On Wed, Jul 18, 2007 at 08:22:37PM +0100, Richard W.M. Jones wrote:
This is version 4 of the virDomainMigrate patch. It includes remote
support, but no qemu, virsh or python yet. And it needs lots more
testing which I intend to do more of tomorrow.
Interface
---------
The interface is now this:
virDomainPtr
virDomainMigrate (virDomainPtr domain, virConnectPtr dconn,
unsigned long flags, const char *dname,
const char *uri, unsigned long resource);
I would probably rename resource as 'bandwidth' it's more precise.
The caller may set dname, uri and resource to 0/NULL and forget about
them. Or else the caller may set, in particular, uri to allow for more
complicated migration strategies (especially for qemu).
https://www.redhat.com/archives/libvir-list/2007-July/msg00249.html
Sounds fine, I would have loved a simpler API though.
As outlined in the diagram in this email:
https://www.redhat.com/archives/libvir-list/2007-July/msg00264.html
migration happens in two stages.
To some extend that's "implementation details" compared to the API
but I understand why two steps are needed under the hood, fine by me.
Firstly we send a "prepare" message to the destination
host.
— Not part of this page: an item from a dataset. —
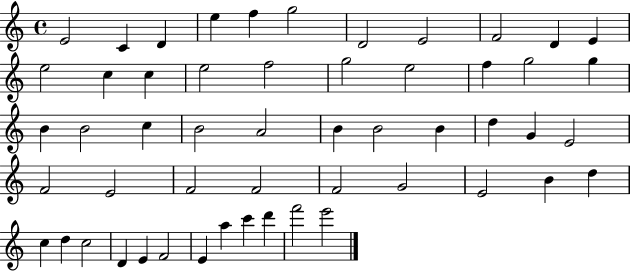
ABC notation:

The
destination host may reply with a cookie. It may also suggest a URI (in
the current Xen implementation it just returns gethostname). Secondly
we send a "perform" message to the source host.
Correspondingly, there are two new driver API functions:
typedef int
(*virDrvDomainMigratePrepare)
(virConnectPtr dconn,
char **cookie,
int *cookielen,
const char *uri_in,
char **uri_out,
unsigned long flags,
const char *dname,
unsigned long resource);
typedef int
(*virDrvDomainMigratePerform)
(virDomainPtr domain,
const char *cookie,
int cookielen,
const char *uri,
unsigned long flags,
const char *dname,
unsigned long resource);
I wonder if 2 steps are really sufficient. I have the feeling that a third
step virDrvDomainMigrateFinish() might be needed, it could for example
resume on the target side and also verify the domain is actually okay.
That could improve error handling and feels a lot more like a transactional
system where you really want an atomic work/fail operation and nothing else.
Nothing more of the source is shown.